Imagine an ambulance kit that quickly and accurately checks unprepared blood for indications of a heart attack without making EMS personnel wait for lab results. And what if the device also lets clinicians accurately diagnose and differentiate common cold, influenza, and avian flu, or check for multiple genetic or protein markers for different diseases at the same time. Impossible? New biomarker detection systems based on nanotags are said to provide a diagnostics platform that is turning rapid, reliable, multiple biomarker measurement into reality for clinical lab and patient care at the bedside, clinic, ambulance, and home.

Biomarkers, typically proteins, are associated with the presence and severity of specific diseases. Biomarkers are detectable and measurable at the molecular level by laboratory assays and specific imaging technologies such as Raman spectroscopy, a technique in which scattered light, usually from a laser, quantifies and qualifies the structure of matter.

Early detection-tag technologies

The first widely-used tags to keep track of biomarkers used radioactive labels such as I¹²⁵ within assay formats such as radioimmunoassay (RIA) tests for protein and small molecules. The RIA procedure involves measuring minute amounts of a tagged substance by determining how much binds to an antibody. The tags withstood interference from other compounds, but concerns about their stability and disposal limited their use.
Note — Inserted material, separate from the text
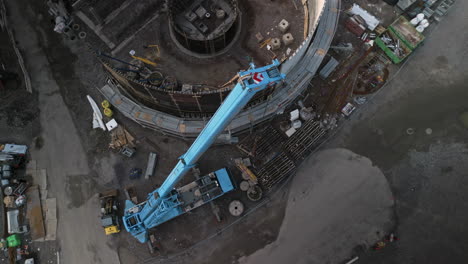 Top-shot-of-a-telescopic-construction-crane,-construction-site-in-the-background
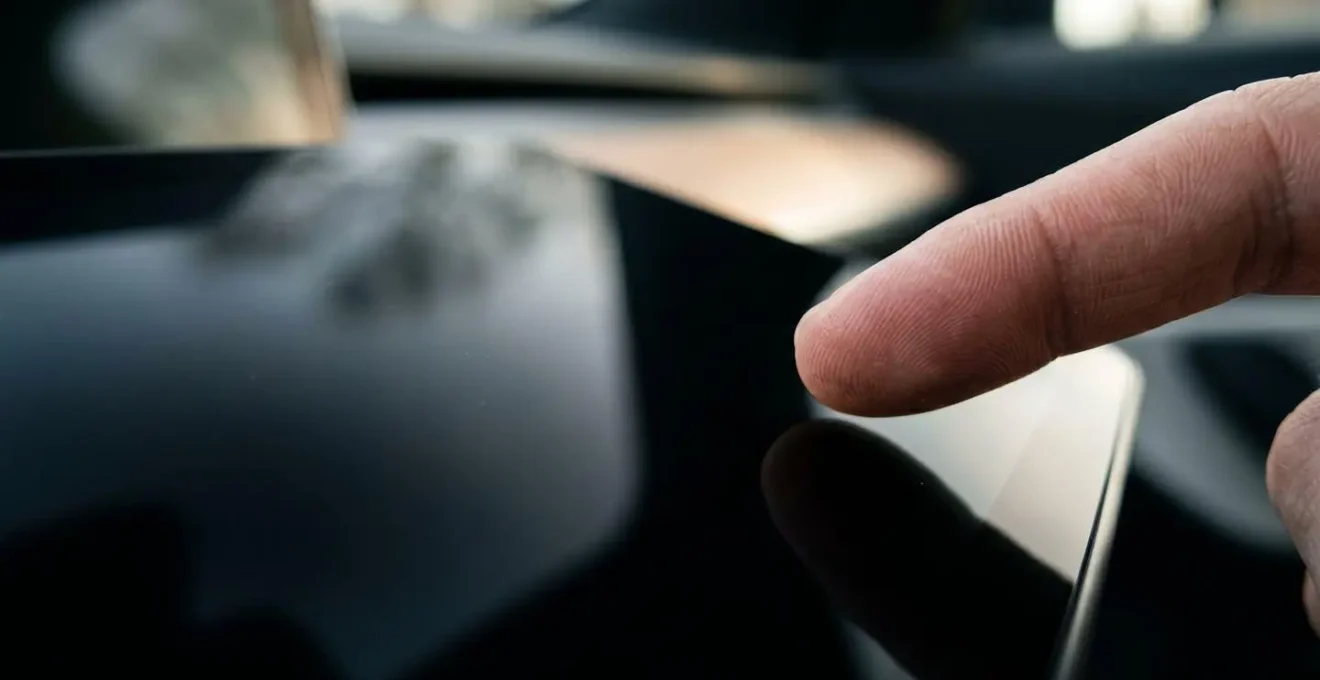 Gros plan sur une main interagissant avec un écran tactile de voiture moderne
Current technologies include fluorescent and chemiluminescent tags, which emit light as a result of a chemical reaction. However, the tags, while potentially sensitive, are prone to interference from components that naturally fluoresce. Such tags lack the reliability required for for diagnostic systems used for near-patient care. In addition, for clinical diagnostics, the tags can't handle the simultaneous measurement of multiple biomarkers (multiplex). This is increasingly important for more accurate disease diagnosis and therapeutic monitoring.

Biomarker-detection systems

Current biomarker systems also required improvements to support advances in tag technology and wider testing. Optimal systems must combine flexibility with short time-to-results and high throughput. A system must work well in a wide variety of applications from rapid near-patient devices to advanced continuous random-access hospital laboratory systems.

Systems must also be reliable and provide sufficient sensitivity to detect diseases early when biomarker levels may still be low (at pico-molar amounts). Reliability and sensitivity are critical because biomarkers are measured in complex biological fluids which contain many naturally occurring substances, such as flurophores, that can interfere with assay results. In addition, many diseases produce an abnormally high number of compounds that may interfere with biomarker detection. These compounds can include bilirubin, a reddish-yellow bile pigment derived from a component of haemoglobin, and lipids, organic compounds such as cholesterol and triglycerides or fat-transport systems.

An optimal system must also measure low-volume samples including whole blood, which has a complex biological matrix. Taking lower-volume samples is less invasive and stressful for patients, important in the long-term monitoring of chronic diseases such as infection and cancer, particularly in infants having low blood volumes.

SERS Nanotags

New technology such as SERS Nanotags from Oxonica Healthcare, Oxford, UK, are said to address the requirements for such next-generation systems. The nanotags exploit Raman scattering, using laser excitation to cause a “reporter“ molecule to provide biomarker information. Raman scattering has been recognized and highly documented for many years, but it has not previously been used in clinical diagnostics because of its weak signal, which compromises detection sensitivity and dynamic range. However, Raman scattering is amplified when the reporter molecule is in a nanoscale-proximity to a roughened metal surface, a phenomenon is known as Surface-Enhanced Raman Scattering (SERS). Gold is ideal for this task.

The company says it exploits this phenomena, manufacturing 50-nm gold beads (tags) for SERS applications. The tags are coated with a reporter compound and encapsulated with silica, or glass. This protects them from the biological matrix to be analyzed and provides an ideal surface for biomarker attachment. Typical assay formats use antibodies attached to the silica surface as tools to bind to the target biomarker. When the bead is exposed to infra-red light, it gives a unique signal that indicates how much of the biomarker is present.

Similarly, DNA stands, which may contain disease-specific information, may be attached to facilitate DNA assays, also known as molecular assays. The company says the tiny nanotags also have potential for imaging applications within living organisms.

Each reporter molecule has a unique SERS signal so a mixture of nano tags containing different reporters can be measured simultaneously. This feature is possible by coating specific antibodies or DNA strands onto the nano tags. For example, reporter molecule 1 is associated with DNA strand x, reporter molecule 2 with DNA stand y, and so on.

The company is working to validate the application of nanotags in a biomarker-detection system with potential for measuring extremely low levels of multiple biomarkers in blood-collection tubes. This avoids complex assay procedures such as plasma separation and washing.